After all the scanning and doctor consultations and biopsies it was determined that I did indeed have breast cancer, but things looked good. I had surgery the first week of July, The surgeon said she got it all and that my lymph node looked healthy, but of course I’d have to wait for the lab analysis to come back before we’d know anything for sure. So about two weeks later I was told my lymph node was clean so the cancer had not spread, but the cancer itself was a more aggressive form than the initial biopsy had shown. That meant chemotherapy on top of the radiation and hormone suppression therapy they’d been planning for me.
Chemo. Let me just say I used to think quitting smoking was the hardest thing I’d ever done. But now it’s chemo. I’m right in the middle of my treatments as I write this and won’t be done until mid-December. On the bright side, it’s pre-emptive, meant to track down any cancer cell that might have escaped the surgery, unlikely though that may be. So I am grateful that my body is not suffering any effects from cancer itself on top of the effects from the chemo. That would really be a bitch! However, I don’t want to deny how difficult chemo is. It’s really hard, particularly when you still have to work and pay bills and take care of all the regular business of living.
Which brings me to my previously mentioned underlying problems with my life and personality. Mid-way through my second chemo cycle I developed a bleeding ulcer which resulted in a week-long hospital stay, four units of someone else’s blood, and anemia which kept me weak and breathless for ten days after I was released.
My theory is that all the stress that was going into my breast tumor started leaking into my stomach after the tumor was removed. And here’s why.
I pay lip service to taking care of myself, but I don’t really do it. I pretend that I’m taking enough breaks and giving myself time to relax, but I’m not really doing either. I compulsively take responsibility for too much because I believe no one else can. I believe I have to step up, because that’s what responsible people do. And that belief is slowly killing me.

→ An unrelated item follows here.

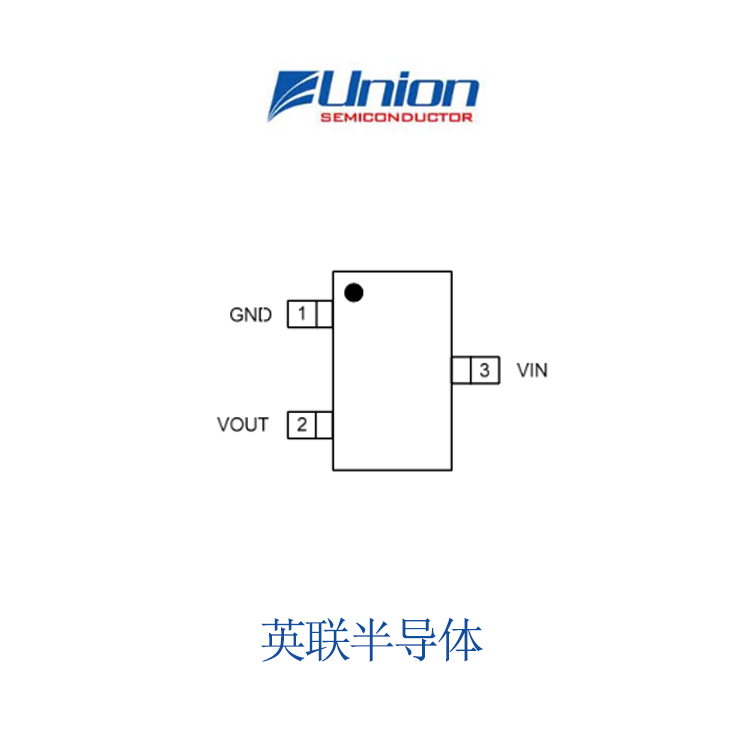 UM2362S 原裝 英聯UNION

But that’s only the half of it. This desire to be responsible has caused me to deny myself the most important tool I have for living life. I am a creative person. And I am continually pushing creativity aside in order to “take care of business”. I imprison myself with tasks and lists. I think I can control the chaos with carefully constructed schedules. I don’t have time to play, or compose, or experiment. That’s just more chaos, right?
Wrong! I can’t control anything, and the more I try, the more stressed and compulsive I become.
Case in point. After the move, my commute to work increased from 10 minutes to just over an hour each way. After the ulcer I started really thinking about how and why I’m stressing so much and one of the things I realized is that I was looking at the clock about every ten minutes during my commute, calculating whether I would get to work on time, and becoming more and more anxious if I was delayed by traffic. How ridiculous! Like there was anything I could do to change how long it would take me!
And I’m doing this while recovering from surgery, living in a new place, struggling through chemo, and still coping with the death of my father. I’m worried about whether traffic will make me late. People, there are no words. Except to say that I don’t look at the clock anymore.
I have more, but I’m going to listen to my body for a change and rest!